What am I getting wrong here?

• Why would B = 0? – user196418 May 8 '19 at 15:34
• You are correct. You have just proven that the pre-supposed approach $\phi(\vec{r},t) = -\cos(\omega t)\hat{\vec{z}}\cdot\vec{r}$ and $\vec{A}(\vec{r},t)=\vec{0}$ is wrong. – Thomas Fritsch May 8 '19 at 16:10
• @ggcg I guess it is because $\vec{A}$ is zero and $B = \nabla \times A$. – Abhay Hegde May 8 '19 at 16:24

## 1 Answer

Basically, what you're saying is that a homogeneous electric field $$\vec{E}(\vec{r},t)=\cos \omega t \ \hat {z}$$ in vacuum requires you to have a magnetic field that satisfies $$\nabla \times \mathbf{B} =\frac{1}{c^2}\frac{\partial \mathbf{E}}{\partial t},$$ giving you a non-homogeneous magnetic field, which would then require the electric field to satisfy $$\nabla \times \mathbf{E} = -\frac{\partial \mathbf{B}}{\partial t},$$ that therefore needs an inhomogeneous electric field, in conflict with your initial assumption? Or, in other words, you're saying that the electric field assumed by the question, $$\vec{E}(\vec{r},t)=\cos \omega t \ \hat {z}$$, is inconsistent with the Maxwell equations?
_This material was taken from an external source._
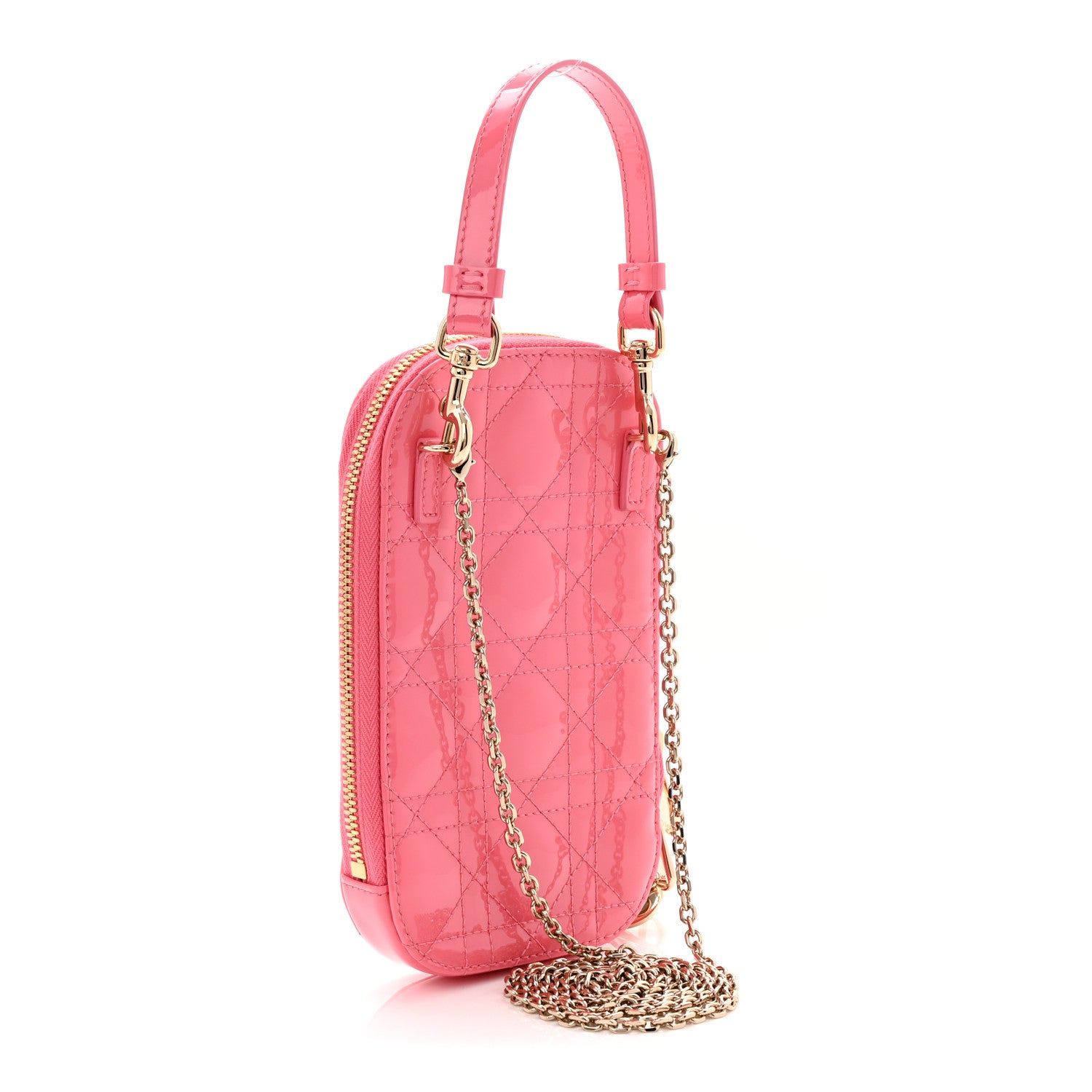 Christian Dior Patent Cannage Lady Dior Phone Holder Pink 3 of 11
If that is what you're saying, then: good! you're right. That electric field is not, strictly speaking, compatible with the Maxwell equations.

It is, however, an excellent and interesting approximation to useful solutions under suitable approximations (specifically, the dipole approximation). And, under that approximation, you neglect both the magnetic field and the conflict that this creates with the Ampère-Maxwell law. This obviously means that the fields are not precisely correct, and that there is the possibility of non-dipole effects (which come in a hierarchy, starting with magnetic dipole effects and then through electric quadrupole field dependences, and then upwards), but if the system is localized enough then those effects can be completely negligible.